I think the fact that her publishing project ceased to produce projects and didn’t generate revenue may have contributed to her anger. It convinced me that she had never been a writer at all and gave me fresh determination towards my ‘orphans’. Her assertions that she owned everyone’s writing (except mine, since I had it in writing that I owned everything I wrote before I contributed) were not answered when I asked her what legal contracts she had to say she owned the other’s writing.
It’s amazing how success, even if that success is simply to make sure that things get finished and that you keep on keeping on- can make some people furious!
If you are a writer, you need to write. When things are bad, you need to write more than a junky needs heroin. For other people, when things are bad, and success is unseen, they drop their writing and slink away, ashamed of what they see as failure.
The only failure is giving up on what you’ve begun. The only failure is fury over creativity and a generous heart. The only failure is in the orphans you’ve left behind and never revisit.

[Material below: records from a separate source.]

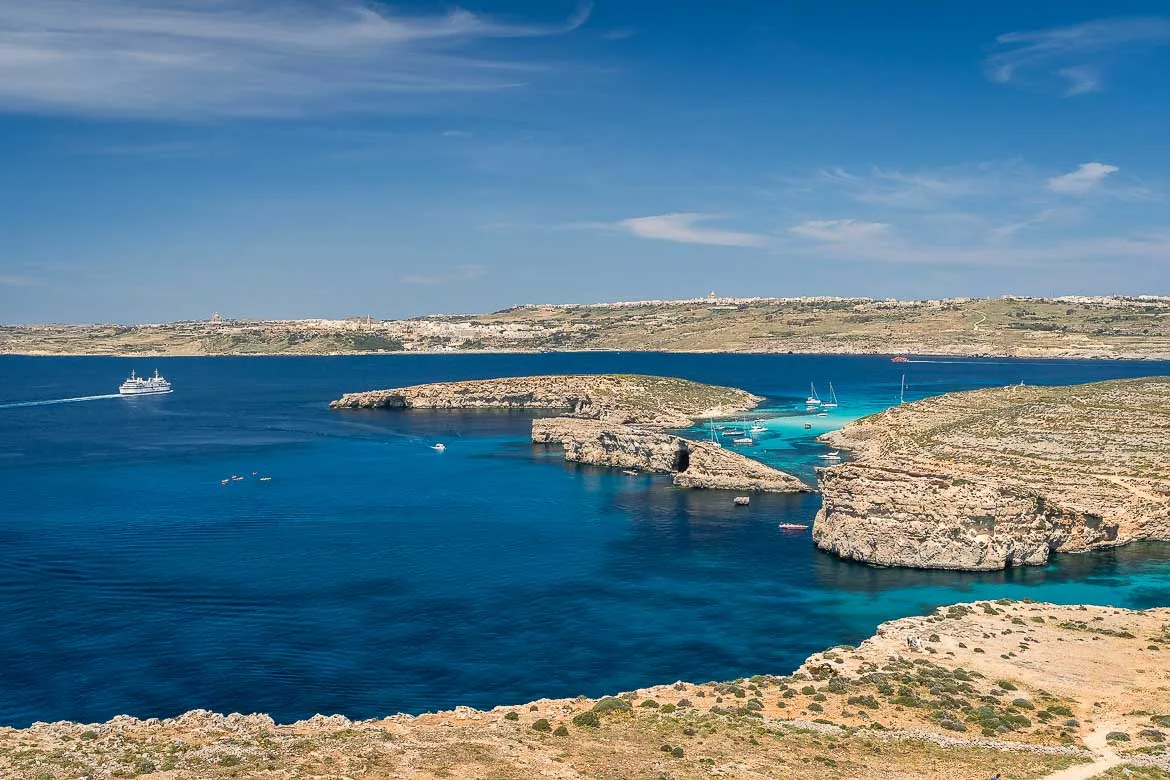 Panoramic view of the Blue Lagoon with Gozo in the background. The Gozo-Malta ferry is crossing the channel.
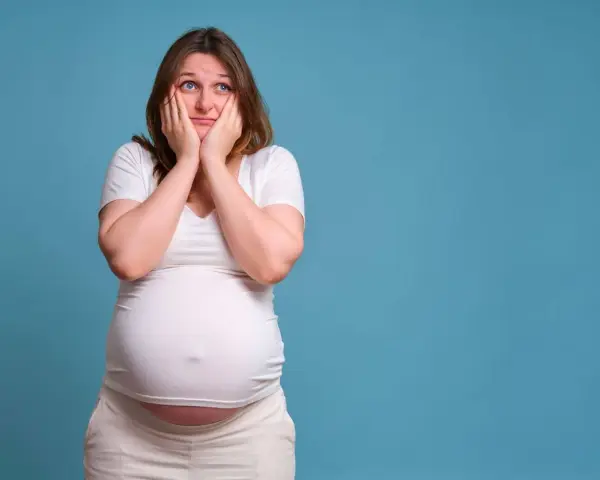 Donna incinta con le mani sul viso esprime paura in gravidanza, preoccupata per il futuro.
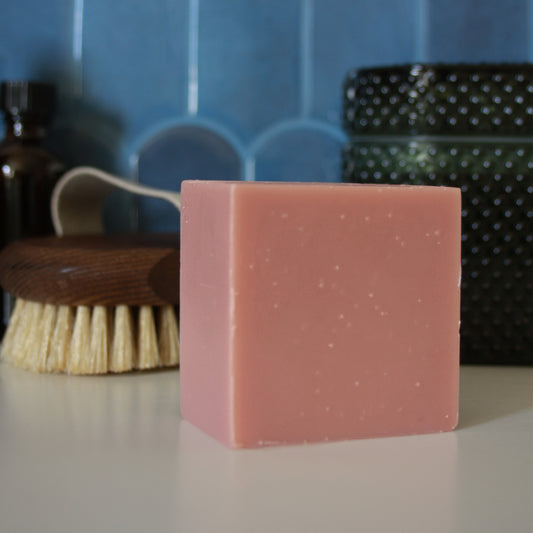 block of pink soap against blue stylized tile backdrop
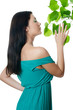 Photo: Beautiful woman with spring green leaves Beautiful woman with spring green leaves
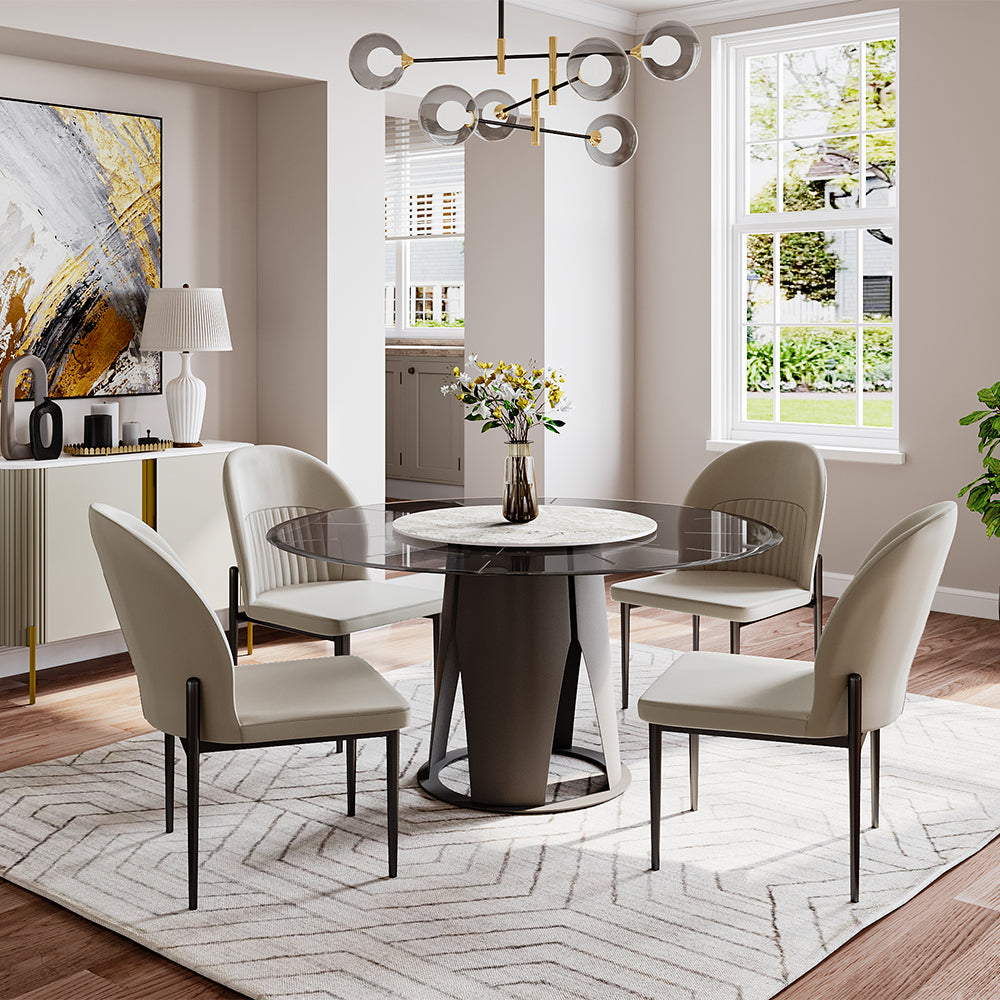 Overhead view of round pedestal table set for six, showing sintered stone centerpiece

So hurray for all those people brave enough to pick up their orphans and to keep on keeping on! Hurray for all the people who get some joy out of the orphans who are reclaimed and brought home to get their life completed, no longer miscarriages, but happy, joyful children that are sent out into the world.
Most of all, hurray for Volume 3 of The Longest Night and all the warriors and loving guardians of the written word who have picked up their words and returned to finish this volume of hope and humor. Congratulations to everyone at The Writer’s Colony on the upcoming publication and picking up the longest night watch… the watch over our own creative whims.